Ran into this while working with Shelley Cheng on some models with high mass loss rates. Looks likely to be something like a floating point subtraction issue, so maybe @fxt44 can offer some advice on how to patch this sort of thing up.
The red in the lower-right corner of the plot is a separate issue described in issue #565.
Edit: had a dyslexic moment when I first wrote the title. It's high temperature and low density that's relevant for this issue. The opposite corner is the topic of #565.

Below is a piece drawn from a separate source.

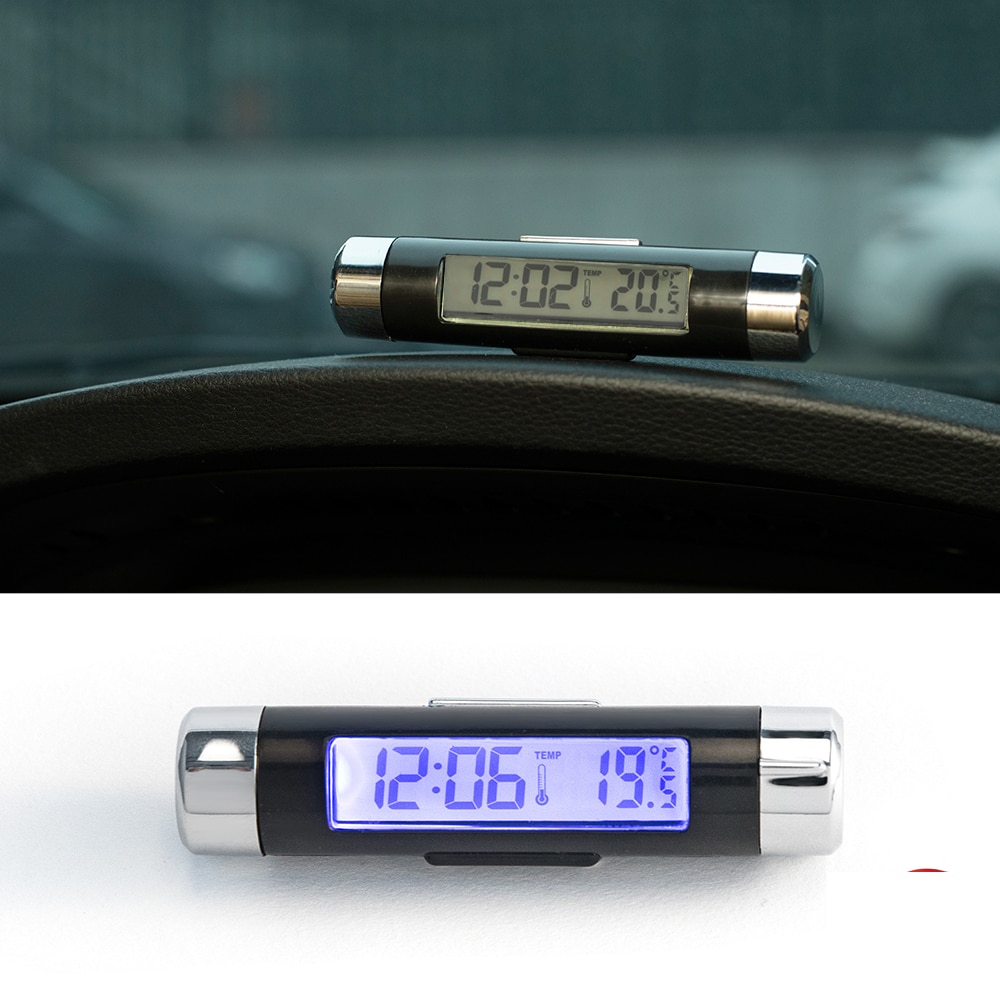 2 In 1 Air Vent Car Clock Car Thermometer LCD Digital Automotive Car Alarm Clock Blue Backlight Auto Products Car Accessories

The underlying issue here is that
Maybe the simplest hack to avoid this is to set a floor of 1d-99
somewhere around here:
mesa/eos/private/skye_thermodynamics.f90
Line 65 in acd763a
Would that be good enough or should we consider trying something more sophisticated to avoid the floating point issues in the first place? I'll want to check the other EOS quantities in this region as well to see if anything else is returning bad values.
My main motivation here is just to help models avoid crashing in early Newton iterations that might touch this regime. Obviously stellar profiles shouldn't actually live here, but I always want to squash bad numerics in the input physics wherever I can find them so that we can give MESA a better chance at iterating toward a correct solution.
for t=1e10 k, rho=1e-12 g/cc, pure hydrogen, i get cp = 1.25e-20 erg/k from a helm-style interpolation and a direct calculation. subtraction of two large and nearly equal numbers in a helm-style eos is always a potential danger in a radiation dominated regime (which never occurs in a direct calculation).
This reveals an interesting interaction between floating point arithmetic and the fact that Skye/ideal are built on top of auto_diff and the free energy. I was wondering how we could end up with subtraction issues with a simple analytic EOS like ideal, and it turns out it's actually pretty easy to see by writing out everything explicitly for just the radiation term and its implementation.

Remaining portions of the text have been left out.